-- DATA FOR THIS EXERCISE follows --

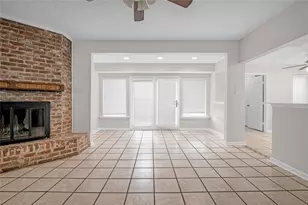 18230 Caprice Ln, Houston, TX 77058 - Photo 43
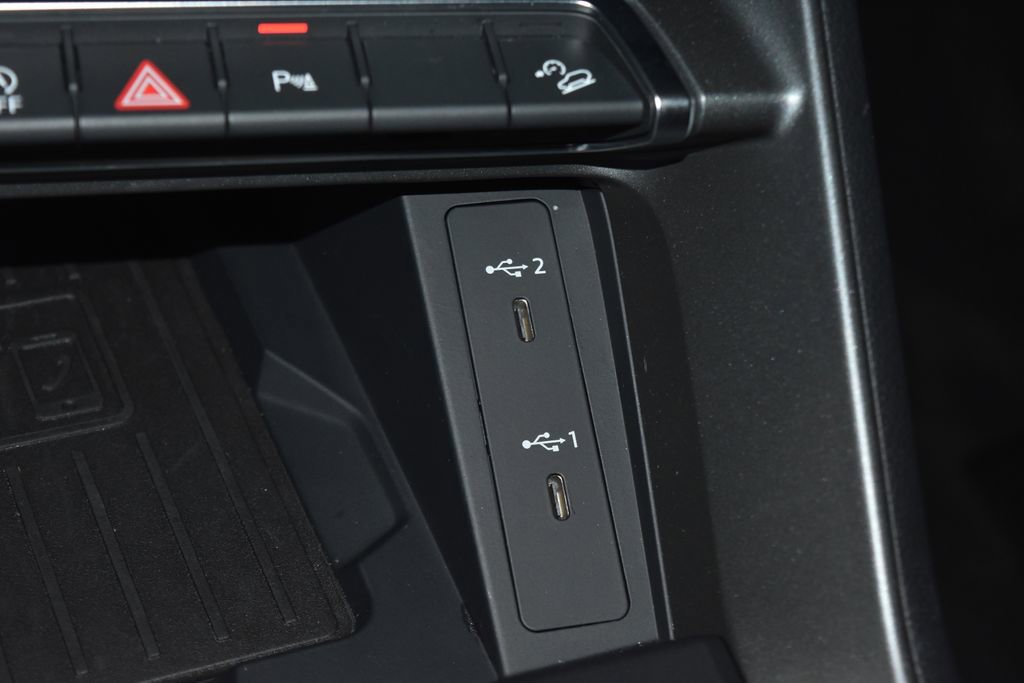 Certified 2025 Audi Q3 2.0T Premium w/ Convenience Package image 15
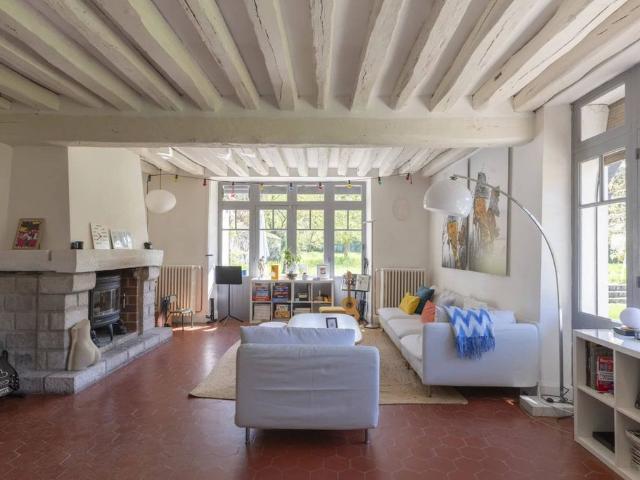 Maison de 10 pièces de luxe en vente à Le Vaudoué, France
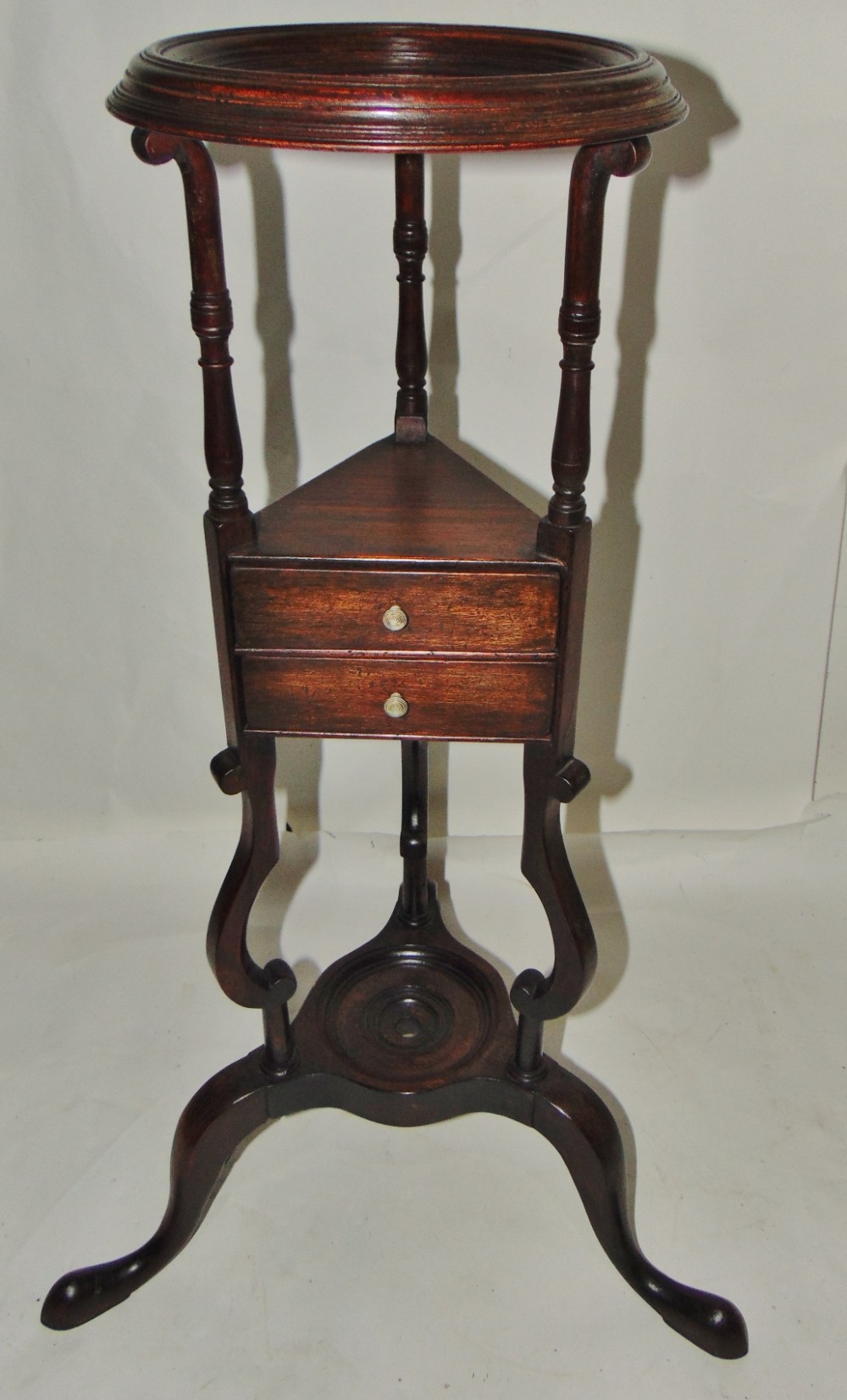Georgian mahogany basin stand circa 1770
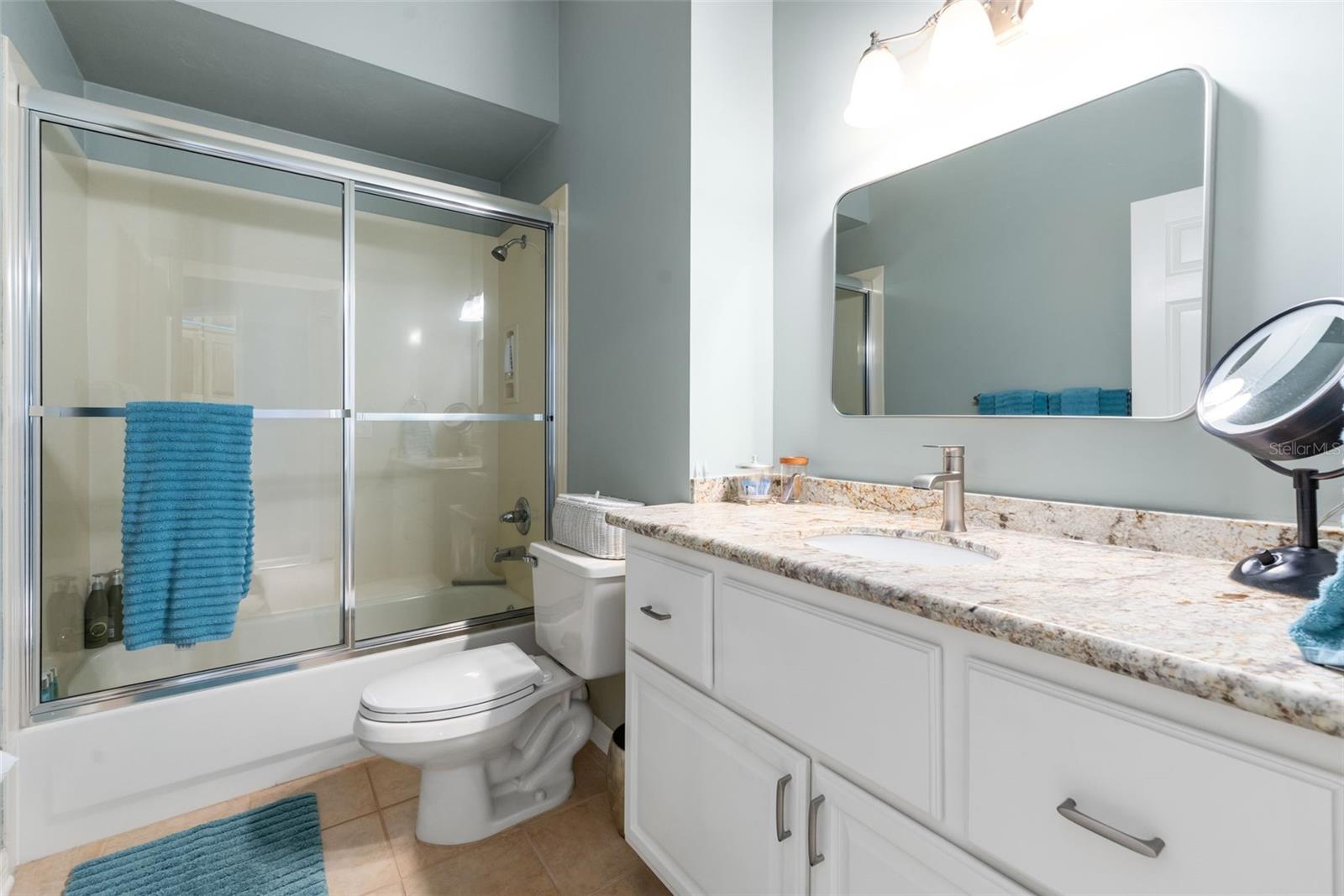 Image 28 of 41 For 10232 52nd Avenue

-- DATA FOR THIS EXERCISE concluded --

**EXERCISE**
Please print every record exactly as written, without the pictures.

**ANSWER BELOW**
 18230 Caprice Ln, Houston, TX 77058 - Photo 43
 Certified 2025 Audi Q3 2.0T Premium w/ Convenience Package image 15
 Maison de 10 pièces de luxe en vente à Le Vaudoué, France
Georgian mahogany basin stand circa 1770
 Image 28 of 41 For 10232 52nd Avenue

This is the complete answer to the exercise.